I blame my parents.
All through my life, my parents taught me to question everything. "Don't believe everything the preacher says. Look it up for yourself." I suppose their honest intention was to keep me from being pulled in by a heretical cult, but this admonition along with my naturally inquisitive mind led me on a path they cannot fathom.
My parents made two other big mistakes with regard to my remaining a theist. First, they raised me as a Southern Baptist. Baptists are taught (or at least were taught) that the Holy Bible is the final authority in all questions, and that only the Holy Spirit can lead the believer to interpret what is contained in its pages. Second, they sent me to a Baptist college with required religion courses. For some, that may be a good thing, but for me it was a chance to really learn what religion was all about (also, attending a Baptist college one might find there is a stunning correlation between homosexuality and the children of Baptist ministers).

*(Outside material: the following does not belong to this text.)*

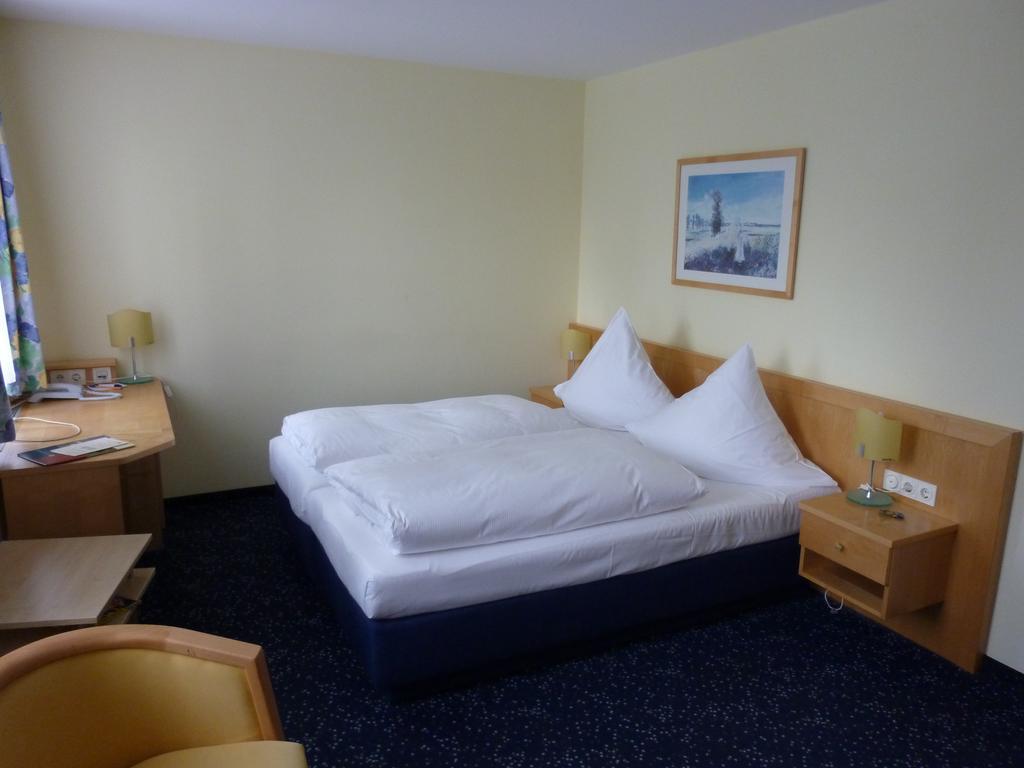 Hotel Schloss Schweinsburg Neukirchen-Pleisse Номер фото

In the end, I took on a religion minor to go along with my music degree. This meant taking courses like "Ethics" and "Theology" and "World Religions" as well as courses on Christian scripture. All this had the effect of creating a hunger for more knowledge in these areas. I sought out literature that both affirmed and questioned my religious paradigms.
Early in 1998, I read the book Honest to Jesus. Twice. It was the first time I had read anything that came close to questioning the precepts of my faith. Up until that point, I had mostly read books that questioned doctrinal points, but here was a book that questioned the very document I was dependent on for my beliefs. It had an honesty and candor that I had not encountered, and by the time I had finished reading it the second time, I was no longer a Southern Baptist. Reality had left me with two options: Either close my eyes and continue on the path of belief without reason, or take a giant leap and pursue the truth no matter where it led. Having always been a sort of skeptic, I was mentally incapable of following the former path.
At the time, I still considered myself to be some sort of Christian, yet I spent months in total physical and mental agony when I was separating myself from my denomination and many of my beliefs. Looking back, it was such a minor move that no non-Christian could possibly understand, but at the time it was gut wrenching. I had honestly grown to love my faith. God was my friend and fellow believers were my spiritual family.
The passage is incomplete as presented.